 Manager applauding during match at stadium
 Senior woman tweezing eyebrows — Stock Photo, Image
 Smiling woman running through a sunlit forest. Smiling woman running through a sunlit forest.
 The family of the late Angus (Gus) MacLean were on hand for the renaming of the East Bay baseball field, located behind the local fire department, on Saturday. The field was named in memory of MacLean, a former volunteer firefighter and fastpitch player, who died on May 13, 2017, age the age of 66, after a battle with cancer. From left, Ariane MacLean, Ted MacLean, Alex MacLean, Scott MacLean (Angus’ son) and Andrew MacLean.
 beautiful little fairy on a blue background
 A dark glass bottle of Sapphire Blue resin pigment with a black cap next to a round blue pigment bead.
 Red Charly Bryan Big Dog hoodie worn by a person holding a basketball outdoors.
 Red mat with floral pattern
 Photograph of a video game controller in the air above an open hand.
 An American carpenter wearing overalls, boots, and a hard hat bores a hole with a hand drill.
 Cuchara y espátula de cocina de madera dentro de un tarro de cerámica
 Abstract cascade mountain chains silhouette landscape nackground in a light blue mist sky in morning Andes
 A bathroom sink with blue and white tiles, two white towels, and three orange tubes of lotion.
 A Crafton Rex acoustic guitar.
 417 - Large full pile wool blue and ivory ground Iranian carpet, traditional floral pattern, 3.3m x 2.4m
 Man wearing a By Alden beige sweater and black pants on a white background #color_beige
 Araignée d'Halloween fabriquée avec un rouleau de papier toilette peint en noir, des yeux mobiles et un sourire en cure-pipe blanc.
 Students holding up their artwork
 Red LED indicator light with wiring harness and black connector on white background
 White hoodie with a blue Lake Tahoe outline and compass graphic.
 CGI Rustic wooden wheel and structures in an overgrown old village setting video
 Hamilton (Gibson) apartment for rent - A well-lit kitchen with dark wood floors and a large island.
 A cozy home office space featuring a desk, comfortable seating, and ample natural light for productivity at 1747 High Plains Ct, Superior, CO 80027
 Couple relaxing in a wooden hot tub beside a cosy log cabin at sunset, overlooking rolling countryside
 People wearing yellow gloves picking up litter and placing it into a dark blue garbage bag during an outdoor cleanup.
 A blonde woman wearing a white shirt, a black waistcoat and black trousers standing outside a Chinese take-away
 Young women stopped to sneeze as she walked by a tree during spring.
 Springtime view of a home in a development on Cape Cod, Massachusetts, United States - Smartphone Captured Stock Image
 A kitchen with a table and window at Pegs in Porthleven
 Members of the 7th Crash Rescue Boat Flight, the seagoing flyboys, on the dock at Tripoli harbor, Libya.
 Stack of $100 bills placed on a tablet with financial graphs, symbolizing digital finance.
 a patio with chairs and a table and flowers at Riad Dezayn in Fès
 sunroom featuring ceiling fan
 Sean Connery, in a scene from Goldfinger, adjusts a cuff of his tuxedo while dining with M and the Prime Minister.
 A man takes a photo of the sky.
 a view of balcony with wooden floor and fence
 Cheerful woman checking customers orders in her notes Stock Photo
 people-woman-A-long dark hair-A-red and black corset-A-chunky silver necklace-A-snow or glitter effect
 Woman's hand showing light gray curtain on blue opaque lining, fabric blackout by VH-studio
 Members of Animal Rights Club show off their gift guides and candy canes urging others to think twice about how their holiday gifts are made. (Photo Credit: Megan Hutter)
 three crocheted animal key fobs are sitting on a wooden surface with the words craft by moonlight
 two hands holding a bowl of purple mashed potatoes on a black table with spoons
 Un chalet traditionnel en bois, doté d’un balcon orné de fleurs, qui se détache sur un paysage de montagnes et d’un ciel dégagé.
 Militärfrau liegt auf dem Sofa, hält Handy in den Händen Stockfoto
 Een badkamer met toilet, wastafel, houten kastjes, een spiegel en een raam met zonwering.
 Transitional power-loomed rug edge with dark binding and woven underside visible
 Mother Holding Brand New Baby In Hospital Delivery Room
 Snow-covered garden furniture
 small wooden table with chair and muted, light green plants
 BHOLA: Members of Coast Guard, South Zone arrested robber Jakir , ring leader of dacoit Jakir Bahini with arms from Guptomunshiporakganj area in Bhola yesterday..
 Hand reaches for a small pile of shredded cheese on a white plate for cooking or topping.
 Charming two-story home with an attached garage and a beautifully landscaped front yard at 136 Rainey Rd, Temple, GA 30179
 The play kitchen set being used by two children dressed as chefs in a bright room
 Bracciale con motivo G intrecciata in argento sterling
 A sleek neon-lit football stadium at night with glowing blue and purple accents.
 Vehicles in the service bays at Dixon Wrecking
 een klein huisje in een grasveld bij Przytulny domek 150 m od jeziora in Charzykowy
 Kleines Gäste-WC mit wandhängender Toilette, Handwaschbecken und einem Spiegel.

* _EXERCISE PROMPT_
Reproduce the lines above, beginning at the line with "CGI Rustic wooden" and stopping after the line with "A cozy home", exactly as they are.

* _EXERCISE SOLUTION_
 CGI Rustic wooden wheel and structures in an overgrown old village setting video
 Hamilton (Gibson) apartment for rent - A well-lit kitchen with dark wood floors and a large island.
 A cozy home office space featuring a desk, comfortable seating, and ample natural light for productivity at 1747 High Plains Ct, Superior, CO 80027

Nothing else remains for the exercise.